§ Work instruction
Repeat exactly the lines of the records below, starting at the line containing "24, AMBLESIDE DRIVE, HEADINGTON, OXFORD, OX3" and ending at the line containing "Enregistreur de données". Leave the pictures out.

§ Material for this task
──────

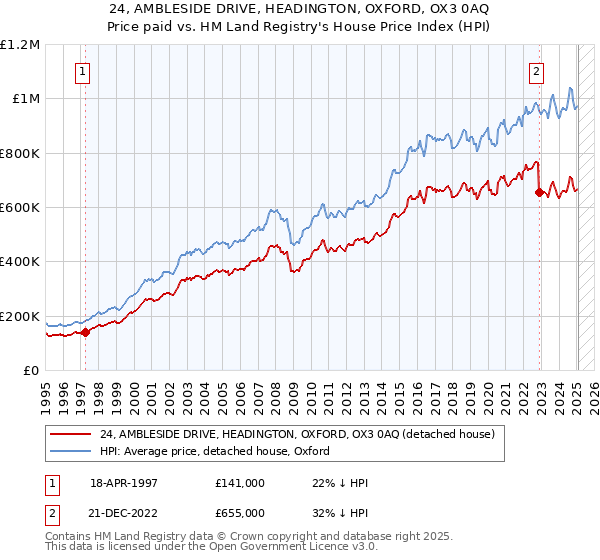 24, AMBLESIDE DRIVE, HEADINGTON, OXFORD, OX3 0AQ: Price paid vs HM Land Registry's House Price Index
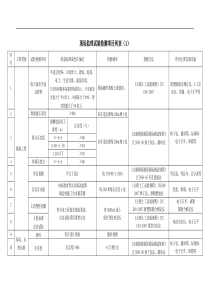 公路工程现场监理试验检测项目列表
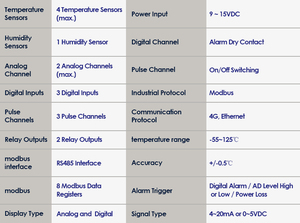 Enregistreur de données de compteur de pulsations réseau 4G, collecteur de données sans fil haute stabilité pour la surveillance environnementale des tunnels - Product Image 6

──────

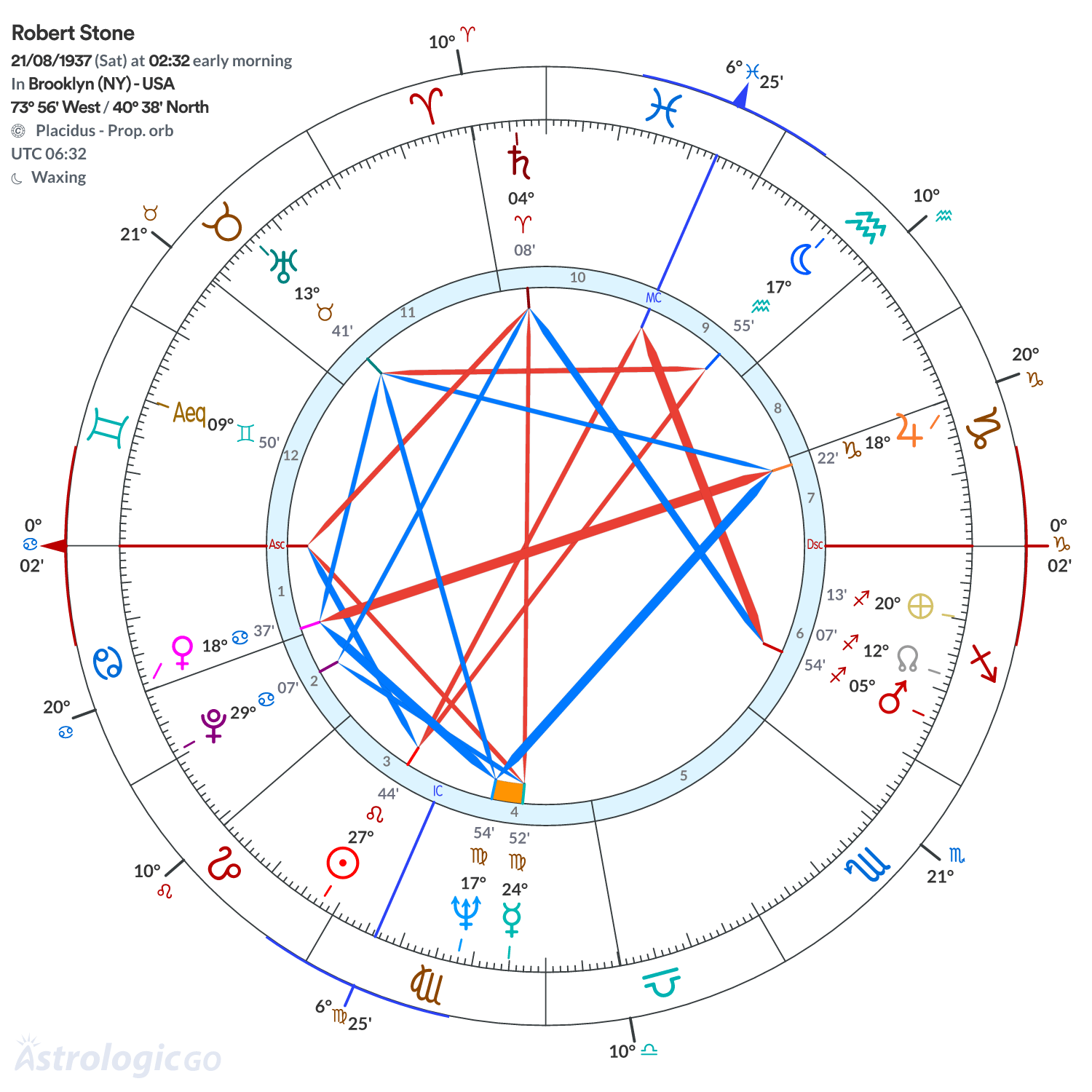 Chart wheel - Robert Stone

──────

§ Answer box
 24, AMBLESIDE DRIVE, HEADINGTON, OXFORD, OX3 0AQ: Price paid vs HM Land Registry's House Price Index
 公路工程现场监理试验检测项目列表
 Enregistreur de données de compteur de pulsations réseau 4G, collecteur de données sans fil haute stabilité pour la surveillance environnementale des tunnels - Product Image 6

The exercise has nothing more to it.